A presentation on 2023-07-11 at the European Association of Geochemistry and Geochemical Society Goldschmidt2023 conference in Lyon, France, “Northwest Africa 13188: a possible meteorite … from Earth!”, argues the object is a genuine rock ejected from the Earth which then returned to fall as a meteorite around 10,000 years later. Here is the abstract:
NWA 13188 was classified as an ungrouped achondrite [1]. It is a vesicular igneous rock with overall basaltic andesite composition (Mg# 58.5) and subophitic texture. It is dominated by plagioclase (49 vol%) and pyroxene (26 vol%), a fine-grained mesostatis and accessory FeTi oxides. Its oxygen isotopic composition is δ18O=8.03±0.08‰, δ17O=4.16±0.12‰ and Δ17O=-0.02±0.03‰ (n=2). The CI-normalized REE pattern display an enrichment in incompatible trace elements, with (La/Sm)N=2 and (La/Lu)N=3.5, and a depletion in Nb-Ta. The μ ^{142}{\rm Nd} is −0.59 ± 3.3. These characteristics are compatible with terrestrial calc-alkaline arc volcanism, raising doubts that this rock is a meteorite.

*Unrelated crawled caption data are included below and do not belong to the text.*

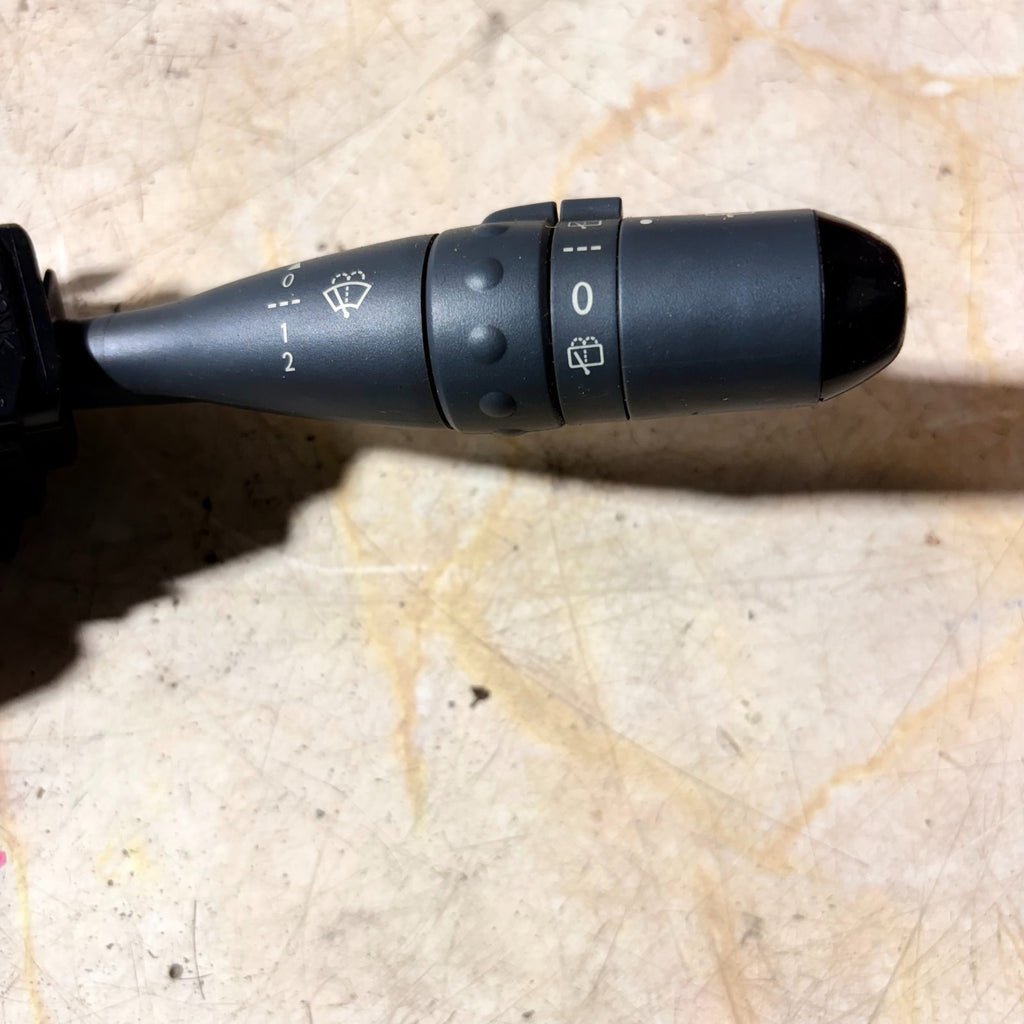 Smart Forfour W454 2004-2006 Wiper Stalk Switch Steering Column A4545450010
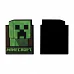 Магніти фігурні Yes Minecraft, 3 шт 3 (708544)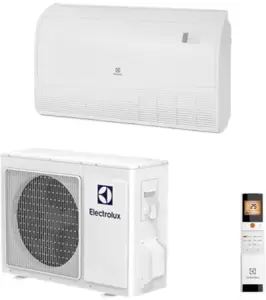 Кондиционер Electrolux EACU-18H/UP2/N3
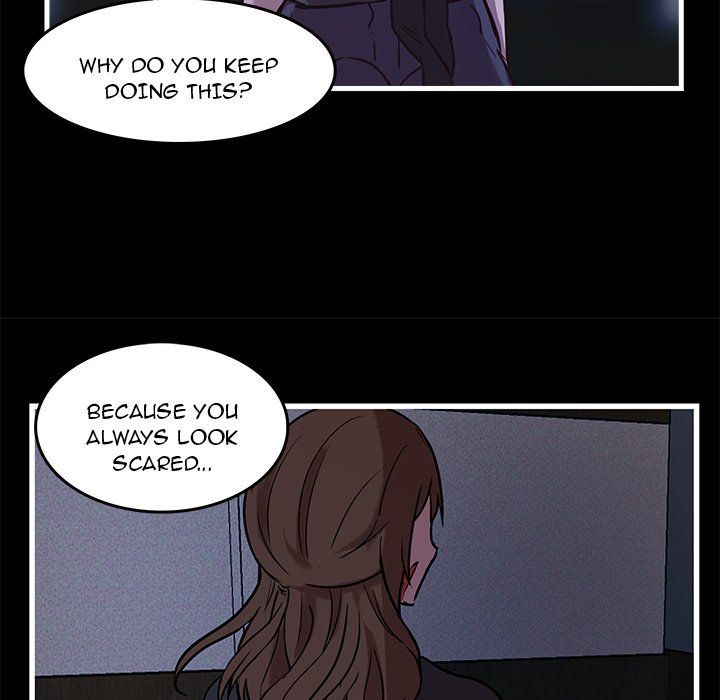 The Tiger, The Sun and The Moon Manhwa - Chapter 40 Page 56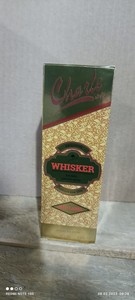 Лосьон для Мужчин Charle style Whisker red label /24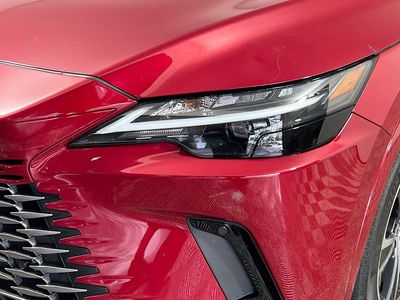 2024 Lexus RX - Photo 9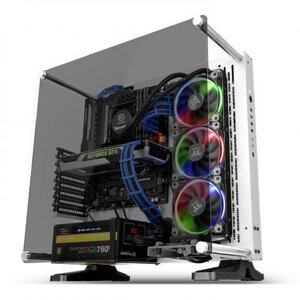 Vỏ máy tính - Case Thermaltake Core P3 SE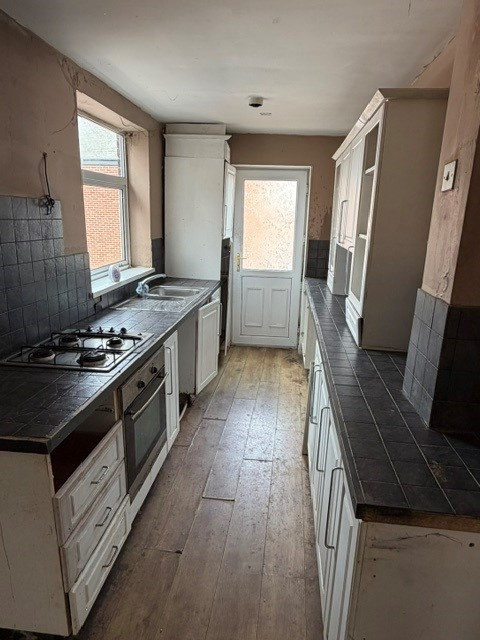 Salisbury Street, South Shields, NE33 2SZ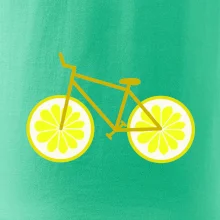 Bicykel citrón (Moňas)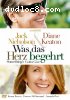 Was das Herz begehrt (German Edition)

However, the presence of a well-developed fusion crust (see images) strongly suggests that NWA 13188 is indeed a meteorite. Moreover, the concentrations of cosmogenic ^{10}{\rm Be}, ^3{\rm He} and ^{21}{\rm Ne} point to a very short (~10 kyr) but significant exposure to galactic cosmic rays, and preclude that NWA 13188 is a man-made “fake” meteorite.
Therefore, we consider NWA 13188 to be a meteorite, launched form the Earth and later re-accreted to its surface. This scenario matches the latest definition of meteorites: “Material launched from a celestial body that achieves an independent orbit around the Sun or some other celestial body, and which eventually is re-accreted by the original body, should be considered a meteorite. The difficulty, of course, would be in proving that this had happened, but a terrestrial rock that had been exposed to cosmic rays and had a well-developed fusion crust should be considered a possible terrestrial meteorite” [2]. The launch process (impact or direct ejection during a volcanic eruption) remains to be determined. Finally, we will further constrain the formation processes of NWA 13188 by measuring its crystallization age using the ^{40}{\rm Ar}/^{39}{\rm Ar} technique. Importantly, this approach will enable us to test if it contains trapped atmospheric argon, which should be particularly abundant for a young terrestrial eruption. We will also measure the ^{38}{\rm Ar}_{\rm c} cosmogenic exposure age of the rock.
References: [1] Gattacceca J. et al. 2021. The Meteoritical Bulletin, No. 109. M&PS, doi:10.1111/maps.13714. [2] Rubin A.E. and Grossman J.N. 2010. Meteorite and meteoroid: new comprehensive definitions. M&PS 45:114-122.